+++ RECORD EXTRACTS

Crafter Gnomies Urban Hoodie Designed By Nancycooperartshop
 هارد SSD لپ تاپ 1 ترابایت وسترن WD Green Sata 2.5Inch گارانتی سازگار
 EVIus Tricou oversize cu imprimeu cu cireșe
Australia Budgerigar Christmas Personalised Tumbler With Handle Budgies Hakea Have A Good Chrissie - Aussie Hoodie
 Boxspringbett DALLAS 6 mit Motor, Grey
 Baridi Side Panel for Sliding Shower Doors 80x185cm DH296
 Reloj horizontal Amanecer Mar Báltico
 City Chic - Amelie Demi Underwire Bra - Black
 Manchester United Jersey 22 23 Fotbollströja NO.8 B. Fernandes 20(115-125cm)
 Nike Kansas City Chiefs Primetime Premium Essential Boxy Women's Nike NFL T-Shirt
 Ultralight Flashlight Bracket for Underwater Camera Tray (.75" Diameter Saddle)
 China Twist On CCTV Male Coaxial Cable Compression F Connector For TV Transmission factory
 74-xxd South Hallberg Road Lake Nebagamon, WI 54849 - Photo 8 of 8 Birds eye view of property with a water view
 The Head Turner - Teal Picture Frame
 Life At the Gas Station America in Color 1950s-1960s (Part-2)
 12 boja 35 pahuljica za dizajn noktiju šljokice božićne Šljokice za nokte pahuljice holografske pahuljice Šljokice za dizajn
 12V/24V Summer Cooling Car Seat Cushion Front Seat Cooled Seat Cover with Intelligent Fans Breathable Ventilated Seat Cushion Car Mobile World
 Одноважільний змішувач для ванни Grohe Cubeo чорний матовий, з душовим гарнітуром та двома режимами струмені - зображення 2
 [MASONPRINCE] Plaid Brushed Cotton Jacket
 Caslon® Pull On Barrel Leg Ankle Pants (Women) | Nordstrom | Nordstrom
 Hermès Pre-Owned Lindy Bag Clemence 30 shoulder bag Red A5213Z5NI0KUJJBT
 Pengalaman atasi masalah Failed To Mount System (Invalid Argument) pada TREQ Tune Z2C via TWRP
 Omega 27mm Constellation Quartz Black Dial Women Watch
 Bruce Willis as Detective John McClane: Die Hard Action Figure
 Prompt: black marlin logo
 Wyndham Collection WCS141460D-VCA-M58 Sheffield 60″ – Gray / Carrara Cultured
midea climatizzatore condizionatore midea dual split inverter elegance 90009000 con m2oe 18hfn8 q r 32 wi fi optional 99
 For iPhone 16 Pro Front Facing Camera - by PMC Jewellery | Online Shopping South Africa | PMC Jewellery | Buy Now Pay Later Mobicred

++++++

WHAT THE EXERCISE ASKS: Beginning at the first line of the records, give again each line exactly as written, ending with the line that contains "City Chic - Amelie".

RESPONSE BELOW:
Crafter Gnomies Urban Hoodie Designed By Nancycooperartshop
 هارد SSD لپ تاپ 1 ترابایت وسترن WD Green Sata 2.5Inch گارانتی سازگار
 EVIus Tricou oversize cu imprimeu cu cireșe
Australia Budgerigar Christmas Personalised Tumbler With Handle Budgies Hakea Have A Good Chrissie - Aussie Hoodie
 Boxspringbett DALLAS 6 mit Motor, Grey
 Baridi Side Panel for Sliding Shower Doors 80x185cm DH296
 Reloj horizontal Amanecer Mar Báltico
 City Chic - Amelie Demi Underwire Bra - Black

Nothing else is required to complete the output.